Qualitative analysis of open-ended responses

A qualitative content analysis was performed including 3 rounds of coding. For the first round, 2 raters (LMG and AAK) independently read each open-ended response for both prompts, noting consistent keywords and phrases. The coders then met to discuss their independently developed inductive codes. Once the list of codes was agreed upon, the raters coded 10% of the responses together with discussion related to each code (second round of coding). This allowed for further clarification related to each code. For the third round of coding, a subset of responses (20%) was independently coded to determine the inter-rater reliability using Cohen κ to ensure an acceptable level of agreement (> 70%). The remaining responses were coded independently.

Results

Respondents

Thirty-four percent (737/2,199) of ACVS diplomates completed the survey. Additional comments were provided by 114 of 737 (16%) respondents to the question “Do you consider DEI an important initiative to promote in the ACVS?” and 201 of 737 (27%) respondents provided comments to the question “What areas would you like to see the committee address?”

Personal demographics

The survey respondents’ ages ranged from 25 to 75 years old, with the median age category of 45 to 54 years. Of the respondents, 78 of 737 (10.5%) were between the ages of 25 and 34, 222 of 737 (30%) were between 35 and 44, 181 of 737 (24.5%) were between 45 and 54, 160 of 737 (22%) were between 55 and 64, 70 of 737 (9.5%) were between 65 and 74, 22 of 737 (3%) were 75 or older, and 4 of 737 (0.5%) declined to specify an age. Respondents’ years in practice as a diplomate ranged from < 5 to > 20, with median years of diplomate status in the 11 to 15 years category. Responses indicated that 136 of 737 (18%) respondents have practiced < 5 years, 145 of 737 (20%) have practiced between 5 and 10 years, 107 of 737 (14.5%) have practiced between 11 and 15 years, 78 of 737 (11%) have practiced between 16 and 20 years, 267 of 737 (36%) have practiced > 20 years, and 4 of 737 (0.5%) declined to disclose their number of years in practice.

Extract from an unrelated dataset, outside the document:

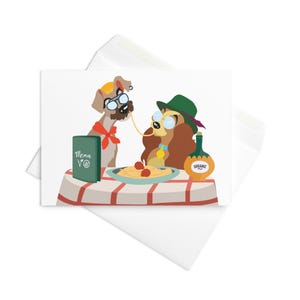 Tarjeta de felicitación de La dama y el vagabundo hipster (con sobre)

Respondents were asked to identify their race/ethnicity. The vast majority of respondents identified as white/Caucasian, making up 655 of 737 (89%) responses. Of the remaining respondents, 30 of 737 (4%) identified as Hispanic/Latinx, 24 of 737 (3%) as Asian, 15 of 737 (2%) as African American/Black, 7 of 737 (1%) as Indigenous American/Native Alaskan, 7 of 737 (1%) as Middle Eastern, and 1 of 737 (0.14%) as Native Hawaiian/Pacific Islander; 10 of 737 (1.36%) self-identified an identity not listed, and 14 of 737 (2%) declined to specify a racial/ethnic identity.

Respondents were asked to identify their gender identity. Of these, 728 of 737 (99%) responded to the question. A majority (367/728 [50.4%]) identified as men, 347 of 728 (47.5%) identified as women, 3 of 728 (0.41%) identified as nonbinary, 2 of 728 identified as a gender not listed, and 9 of 728 (1%) declined to say. When specifically asked to identify as transgender, 710 of 728 (97.5%) responded no, 3 of 728 (0.4%) responded yes, and 15 of 728 (2%) declined to say. When asked to describe their sexual orientation, the majority of respondents (657/728 [90%]) identified as heterosexual. Of the remaining respondents, 15 of 728 (2%) identified as bisexual, 13 of 728 (2%) as lesbian, 8 of 728 (1%) as gay, 4 of 728 (0.55%) as questioning, 3 of 728 (0.4%) as queer, and 2 of 728 (0.27%) as asexual; 8 of 728 (1%) identified with a sexual identity not listed, and 18 of 728 (2.5%) declined to say.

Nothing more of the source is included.